Wherever the word "Rose" turns up in a line of the entries, copy that line.
_ _ _ _ _
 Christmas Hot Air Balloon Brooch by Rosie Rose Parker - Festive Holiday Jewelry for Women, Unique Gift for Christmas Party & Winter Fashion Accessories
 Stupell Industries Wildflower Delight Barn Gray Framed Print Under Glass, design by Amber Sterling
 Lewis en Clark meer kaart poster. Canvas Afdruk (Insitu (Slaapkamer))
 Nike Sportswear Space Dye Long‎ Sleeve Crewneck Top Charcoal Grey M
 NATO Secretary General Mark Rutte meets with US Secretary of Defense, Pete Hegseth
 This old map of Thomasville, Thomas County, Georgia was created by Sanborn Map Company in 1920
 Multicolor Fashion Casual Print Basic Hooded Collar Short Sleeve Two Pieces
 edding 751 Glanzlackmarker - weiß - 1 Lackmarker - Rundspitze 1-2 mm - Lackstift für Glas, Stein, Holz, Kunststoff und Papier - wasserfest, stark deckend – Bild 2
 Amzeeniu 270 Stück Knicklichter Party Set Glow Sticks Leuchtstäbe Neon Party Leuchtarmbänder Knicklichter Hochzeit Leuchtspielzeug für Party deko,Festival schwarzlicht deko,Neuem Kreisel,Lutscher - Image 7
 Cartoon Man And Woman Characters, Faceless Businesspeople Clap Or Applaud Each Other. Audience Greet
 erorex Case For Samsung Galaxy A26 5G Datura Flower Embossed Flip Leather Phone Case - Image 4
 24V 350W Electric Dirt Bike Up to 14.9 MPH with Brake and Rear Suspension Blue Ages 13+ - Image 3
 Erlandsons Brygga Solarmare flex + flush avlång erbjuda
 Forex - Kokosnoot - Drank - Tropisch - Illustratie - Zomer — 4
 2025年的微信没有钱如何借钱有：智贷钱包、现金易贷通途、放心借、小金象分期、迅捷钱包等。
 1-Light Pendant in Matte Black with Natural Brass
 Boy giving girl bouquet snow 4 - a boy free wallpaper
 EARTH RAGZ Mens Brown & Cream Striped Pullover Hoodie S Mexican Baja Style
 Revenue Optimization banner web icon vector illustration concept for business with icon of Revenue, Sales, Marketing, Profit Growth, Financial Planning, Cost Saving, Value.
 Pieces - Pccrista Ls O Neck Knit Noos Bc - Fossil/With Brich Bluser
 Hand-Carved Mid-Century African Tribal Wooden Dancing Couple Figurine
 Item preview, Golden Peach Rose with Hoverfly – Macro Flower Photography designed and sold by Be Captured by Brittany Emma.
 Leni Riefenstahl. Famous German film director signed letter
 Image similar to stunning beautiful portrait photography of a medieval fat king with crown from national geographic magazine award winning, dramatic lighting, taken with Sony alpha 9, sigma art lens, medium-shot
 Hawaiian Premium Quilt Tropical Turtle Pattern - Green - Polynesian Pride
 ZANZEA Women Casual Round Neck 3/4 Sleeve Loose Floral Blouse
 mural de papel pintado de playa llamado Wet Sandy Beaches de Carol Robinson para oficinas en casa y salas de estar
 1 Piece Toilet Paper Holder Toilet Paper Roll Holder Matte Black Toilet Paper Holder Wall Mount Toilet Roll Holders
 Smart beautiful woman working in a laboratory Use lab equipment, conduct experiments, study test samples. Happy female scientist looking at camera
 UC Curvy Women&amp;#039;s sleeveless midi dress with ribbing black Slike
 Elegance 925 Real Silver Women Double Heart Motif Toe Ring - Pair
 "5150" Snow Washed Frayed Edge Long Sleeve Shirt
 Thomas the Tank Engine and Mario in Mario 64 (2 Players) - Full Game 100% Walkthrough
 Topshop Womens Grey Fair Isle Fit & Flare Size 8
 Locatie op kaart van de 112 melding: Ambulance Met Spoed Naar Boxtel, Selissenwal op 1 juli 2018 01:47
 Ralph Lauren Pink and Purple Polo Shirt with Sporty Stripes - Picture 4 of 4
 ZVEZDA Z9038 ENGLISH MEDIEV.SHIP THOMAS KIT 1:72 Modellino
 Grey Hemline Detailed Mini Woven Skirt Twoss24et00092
_ _ _ _ _
• OUTPUT OF THE EXERCISE:
 Christmas Hot Air Balloon Brooch by Rosie Rose Parker - Festive Holiday Jewelry for Women, Unique Gift for Christmas Party & Winter Fashion Accessories
 Item preview, Golden Peach Rose with Hoverfly – Macro Flower Photography designed and sold by Be Captured by Brittany Emma.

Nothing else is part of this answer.